They’re often thought of as pests, but ants are now being used to help organic fruit farmers in Denmark.
A team from Aarhus University hopes the ants will gobble up insect pests that cause damage to apple trees during the spring – namely moth larvae which feast on their leaves. Researchers have been relocating forest-based colonies into an orchard on the eastern Djursland peninsula as part of a new study, the Copenhagen Post reports.
“We are moving a large ant colony from a pine forest and will spread a number of smaller colonies, each having its own queen, around the apple plantations,” says senior researcher Joachim Offenberg from the Department of Bioscience. They had to make the forest ants feel at home, so they’ve brought along pine needles to enable the insects to build their colonies, he says.
In August 2015, Mr Offenberg published a research review which suggested that weaver ants are as effective as synthetic pesticides in reducing pest damage and improving crop yields, but at lower costs.

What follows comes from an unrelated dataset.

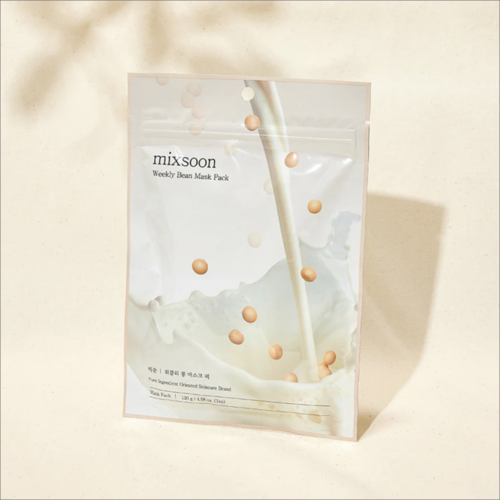 Mixsoon Weekly Bean Mask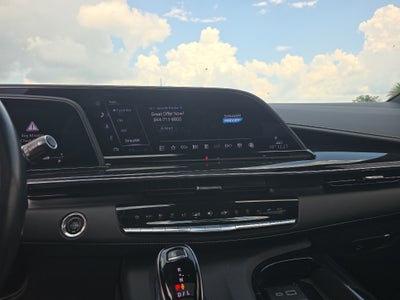 2023 Cadillac Escalade Sport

While transplanting the ants is done with buckets and shovels, searching for the egg-laying – or ovipositing – queens can be a more delicate business. “It is done very carefully, by searching portions of the sand thoroughly with tweezers to ensure not to harm the ovipositing queens,” researcher Jesper Stern Nielsen tells the BBC. He adds that the team has also moved colony fragments into Christmas tree plantations.
Ants are particularly useful because they’re wide awake while other moth predators are still in winter hibernation, the paper notes. When they’re not snacking on moth larvae the ants will still be helping the orchard to flourish, albeit in a slightly unappetising way – their urine and excrement will apparently help to fertilise the trees.